The Media Myth of Japan's "Lost Decades"

The Media Myth of Japan's "Lost Decades"


The chart above shows annual real GDP per capita for Japan and the U.S. (data here) from 1980 to 2010, where each series has been converted to an index, with a value of 100 for the year 1980. Compared to 1980, Japan's real GDP per capita in 2010 was nearly 70% higher, vs. a 66% increase for US real GDP per capita over the last 30 years. Japan had higher economic growth than the U.S. during the 1980s, slightly lower growth during the 1990s, about the same growth during the 2000s, and slightly higher overall growth during the entire 30-year period from 1980 to 2010.

So what about Japan's "Lost Decades" and economic failure and stagnation that we hear so much about from the media? According to Tokyo-based Eamonn Fingleton writing in The Atlantic:

"After studying the facts on the ground in Tokyo for decades I find it hard to avoid the conclusion that the story of Japan's stagnation is a media myth.

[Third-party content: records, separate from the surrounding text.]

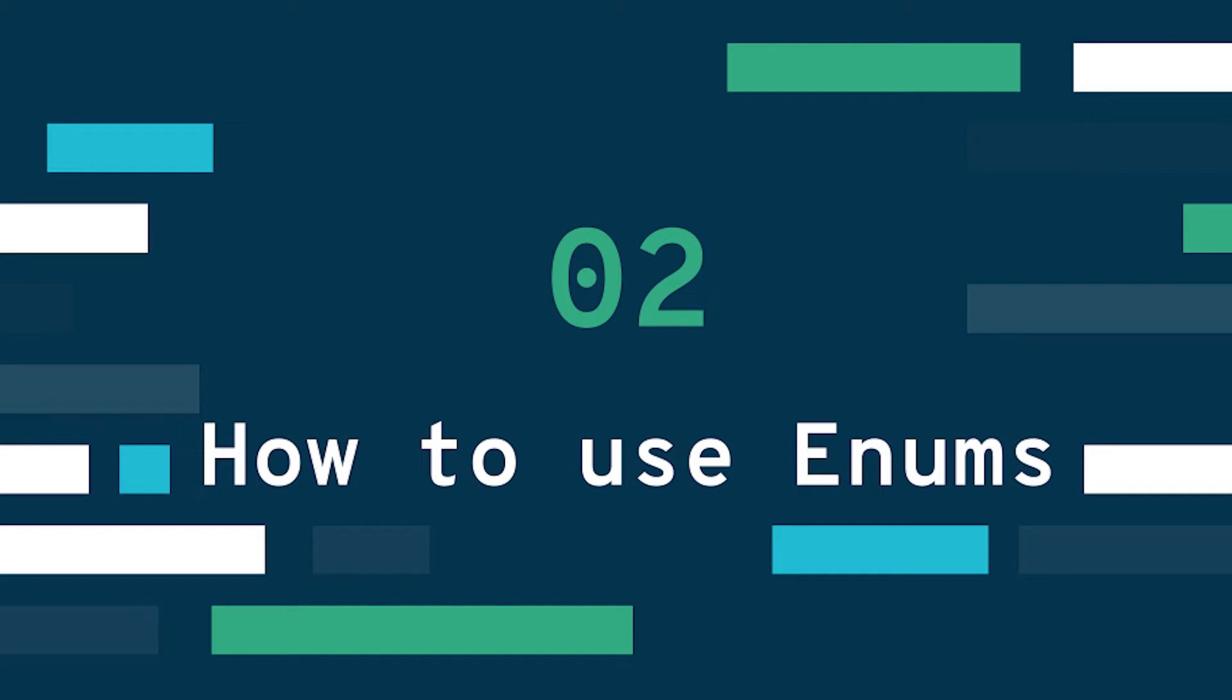Hi and welcome to this second video on intermediate Python. So I hope you enjoyed the first video on args and kwargs. In this second video I'm going to talk about enums or enumerations in Python.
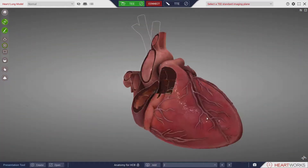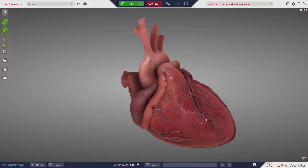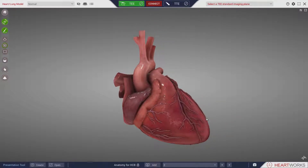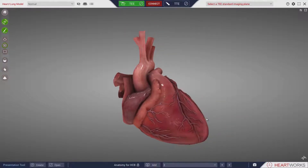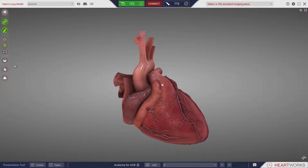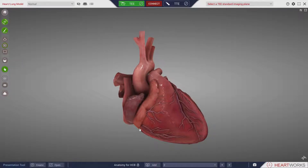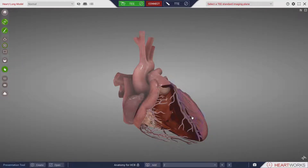As well as slicing the heart to reveal the interior, certain components can be removed to reveal underlying structures, giving further insight to anatomical relationships.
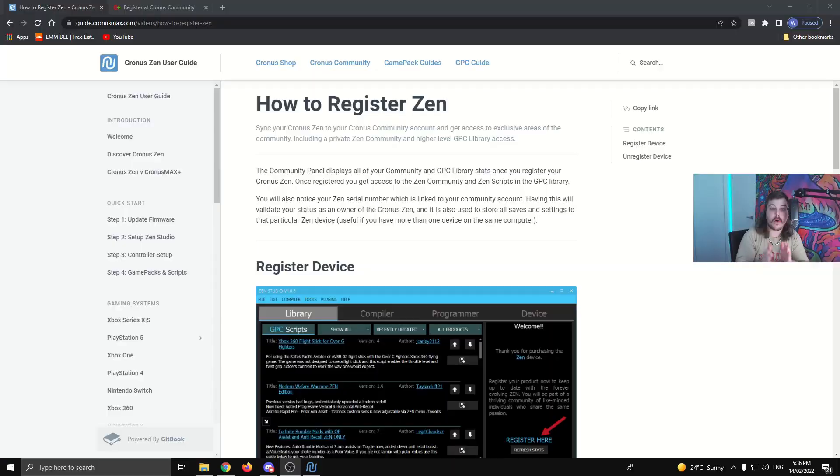G'day everyone. In this video, I'm going to show you how to update your Zen to the newest beta firmware and also how to download the newest version of Zen Studio. Let's get into it.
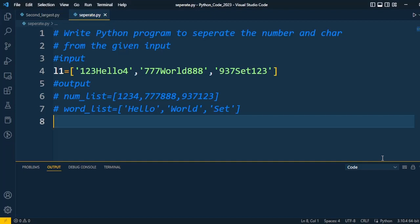Welcome back to this Python interview tutorial. Here I will discuss an important question which may be asked in the interview process. The question is: write a Python program to separate numbers and characters from a given input. Consider a given list l1 which consists of a combination of character and number values. We have to separate characters into one list and numbers into another list.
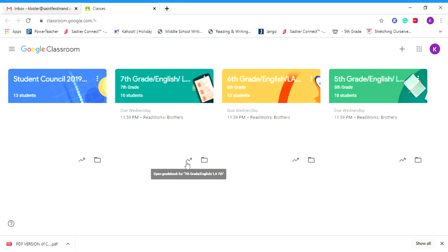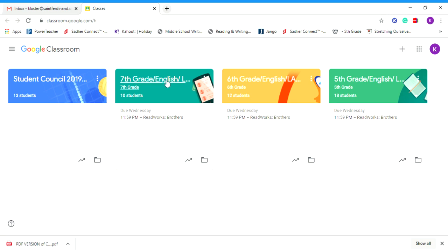Hi class, a couple students asked how do you join Google Classroom. So you need to go into Google Classroom, and as you can see here I have different classes like 7th grade, 6th grade, and 5th grade.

Certainly anyone who visits Japan these days is struck by the obvious affluence even among average citizens. The cars on the roads, for instance, are generally much larger and better equipped than in the 1980s (indeed state of the art navigation devices, for instance, are more or less standard on many models). Overseas vacation travel has more than doubled since the 1980s. The Japanese boast the world's most advanced cell phones, and the biggest and best high-definition television screens. Japan's already long life expectancy has increased by nearly two years. Its Internet connections are some of the world's fastest -- something like ten times faster on average than American speeds.

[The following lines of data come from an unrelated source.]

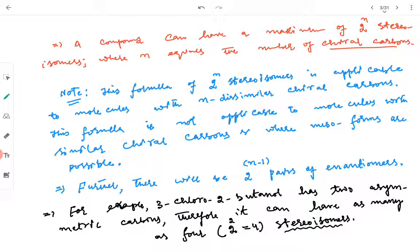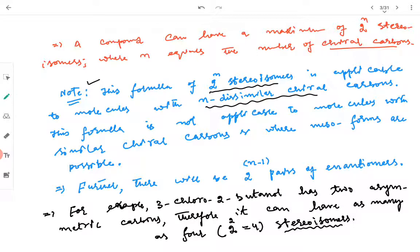For example, if the number of asymmetric carbons is 2, then 2 raised to power 2 equals 4, so any molecule having two chiral centers will have four stereoisomers. An important note: this formula of 2^n stereoisomers is applicable only to molecules with n dissimilar chiral centers. It is not applicable to molecules with similar chiral centers where meso forms are possible.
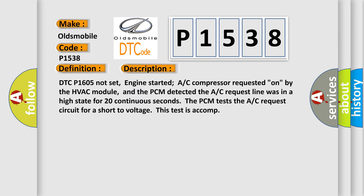And now this is a short description of this DTC code. DTC P1605 not set, engine started, AC compressor requested on by the HVAC module, and the PCM detected the AC request line was in a high state for 20 continuous seconds. The PCM tests the AC request circuit for a short to voltage.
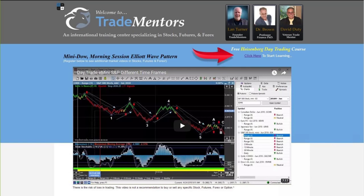My name is Land Turner, and if you enjoyed this video and would like to learn a little bit more about day trading these Fibonacci and Elliott Wave patterns as I've shown here, stop by my website at www.tradementors.com, where you can access my free Heisenberg day trading course. I teach you exactly how to trade using the red light, green light system, intercept orders, the blue light system, and much more. It's free — stop by and learn how to make this happen for yourself.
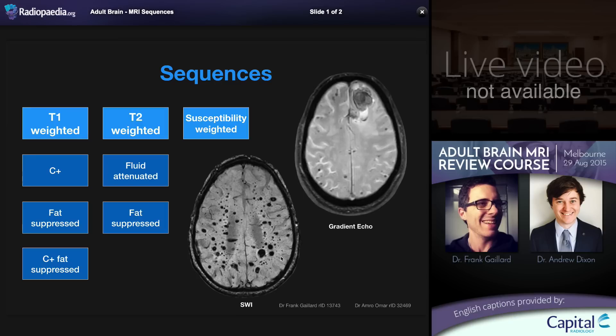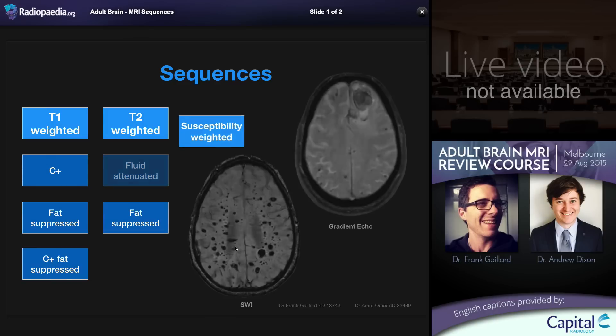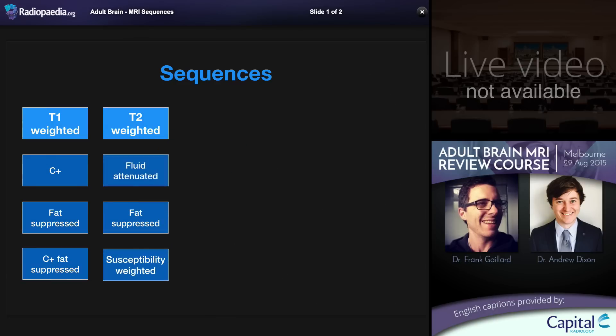Susceptibility weighted imaging at higher field strengths is particularly sensitive. An earlier and still widely used susceptibility-sensitive sequence is gradient echo imaging, but there are a number of others. These sequences probably deserve their own column but we'll place them under the T2 weighted column, as many of them are T2-star weighted.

At the heart of my analysis is a story of extraordinary progress by Japanese manufacturing. The reason you don't hear much about Japanese manufacturers these days is that the best of them have moved from making consumer goods to concentrate on so-called producers' goods -- items that though invisible to the consumer happen to be critical to the world economy. Such goods include the highly miniaturized components, advanced materials, and super-precise machines that less sophisticated nations such as China need to make final consumer goods. The label on everything from cell phones to laptop computers may say "Made in China" but actually, via producers' goods, highly capital-intensive and knowhow-intensive manufacturers in Japan have quietly done much of the most technologically demanding work.

In the early years after World War II the United States utterly dominated the higher reaches of the producers' goods business. Under pressure from foreign competition, however, American players one by one have closed down or outsourced in the last quarter of a century. The competition has come principally from Japan, which now enjoys broadly as dominant and geopolitically important a position as the United States did in the 1960s."

MP: The writer feels so strongly about the "lost decades" myth that he has issued a challenge to numerous myth proponents to debate him this year on the 20th anniversary of the great Tokyo stock market crash (details here).